HOW TO COMPLETE THIS TASK:
Retype, word for word, each line between the lines holding "Oxfordshire Living - The" and "Renault Clio 1.2 EXPRESSION Hatchback 2021", inclusive, and leave the rest of the data alone.

PROVIDED ENTRIES:
▬▬▬▬▬▬▬▬▬▬
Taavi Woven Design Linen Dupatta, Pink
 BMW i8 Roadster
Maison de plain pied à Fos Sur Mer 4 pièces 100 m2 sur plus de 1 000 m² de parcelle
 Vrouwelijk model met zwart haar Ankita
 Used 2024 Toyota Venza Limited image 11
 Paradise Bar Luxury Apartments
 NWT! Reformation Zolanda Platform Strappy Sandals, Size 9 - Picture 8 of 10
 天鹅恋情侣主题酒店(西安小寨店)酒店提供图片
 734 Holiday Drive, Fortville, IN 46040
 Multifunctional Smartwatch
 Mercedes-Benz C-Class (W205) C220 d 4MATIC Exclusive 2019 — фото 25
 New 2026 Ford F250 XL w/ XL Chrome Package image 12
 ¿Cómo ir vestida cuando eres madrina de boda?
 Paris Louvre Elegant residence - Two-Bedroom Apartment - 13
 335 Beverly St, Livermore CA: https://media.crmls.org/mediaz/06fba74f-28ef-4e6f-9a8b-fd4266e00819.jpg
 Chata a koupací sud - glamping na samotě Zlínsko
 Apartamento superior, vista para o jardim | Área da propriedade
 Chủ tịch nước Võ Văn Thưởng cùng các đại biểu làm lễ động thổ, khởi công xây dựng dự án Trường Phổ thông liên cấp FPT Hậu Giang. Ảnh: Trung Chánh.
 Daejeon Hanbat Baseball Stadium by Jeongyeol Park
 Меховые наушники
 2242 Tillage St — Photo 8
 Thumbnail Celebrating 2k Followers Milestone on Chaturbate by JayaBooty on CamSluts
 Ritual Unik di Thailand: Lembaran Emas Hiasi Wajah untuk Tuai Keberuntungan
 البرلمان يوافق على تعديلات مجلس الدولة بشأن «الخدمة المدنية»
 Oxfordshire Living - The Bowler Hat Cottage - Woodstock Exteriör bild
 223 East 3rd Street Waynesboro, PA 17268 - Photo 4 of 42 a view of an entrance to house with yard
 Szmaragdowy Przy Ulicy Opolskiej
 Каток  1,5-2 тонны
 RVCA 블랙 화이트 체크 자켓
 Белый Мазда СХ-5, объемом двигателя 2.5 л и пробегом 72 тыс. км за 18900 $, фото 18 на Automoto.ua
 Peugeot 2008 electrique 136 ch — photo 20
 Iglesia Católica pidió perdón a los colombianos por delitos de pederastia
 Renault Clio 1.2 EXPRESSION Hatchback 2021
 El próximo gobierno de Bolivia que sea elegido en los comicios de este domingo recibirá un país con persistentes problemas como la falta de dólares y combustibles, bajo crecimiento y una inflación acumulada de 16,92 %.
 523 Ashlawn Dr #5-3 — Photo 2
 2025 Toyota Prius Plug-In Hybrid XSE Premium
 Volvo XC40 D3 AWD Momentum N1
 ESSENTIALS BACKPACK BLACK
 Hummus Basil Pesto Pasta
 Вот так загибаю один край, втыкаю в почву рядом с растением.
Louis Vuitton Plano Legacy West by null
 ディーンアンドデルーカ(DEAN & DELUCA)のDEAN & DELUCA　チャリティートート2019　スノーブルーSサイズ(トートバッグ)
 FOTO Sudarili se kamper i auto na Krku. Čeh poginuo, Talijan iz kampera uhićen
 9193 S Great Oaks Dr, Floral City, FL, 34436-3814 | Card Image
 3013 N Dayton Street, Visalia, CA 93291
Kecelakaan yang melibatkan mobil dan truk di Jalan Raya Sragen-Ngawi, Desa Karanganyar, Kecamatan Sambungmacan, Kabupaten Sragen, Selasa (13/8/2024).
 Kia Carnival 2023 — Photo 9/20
▬▬▬▬▬▬▬▬▬▬
EXERCISE OUTPUT:
 Oxfordshire Living - The Bowler Hat Cottage - Woodstock Exteriör bild
 223 East 3rd Street Waynesboro, PA 17268 - Photo 4 of 42 a view of an entrance to house with yard
 Szmaragdowy Przy Ulicy Opolskiej
 Каток  1,5-2 тонны
 RVCA 블랙 화이트 체크 자켓
 Белый Мазда СХ-5, объемом двигателя 2.5 л и пробегом 72 тыс. км за 18900 $, фото 18 на Automoto.ua
 Peugeot 2008 electrique 136 ch — photo 20
 Iglesia Católica pidió perdón a los colombianos por delitos de pederastia
 Renault Clio 1.2 EXPRESSION Hatchback 2021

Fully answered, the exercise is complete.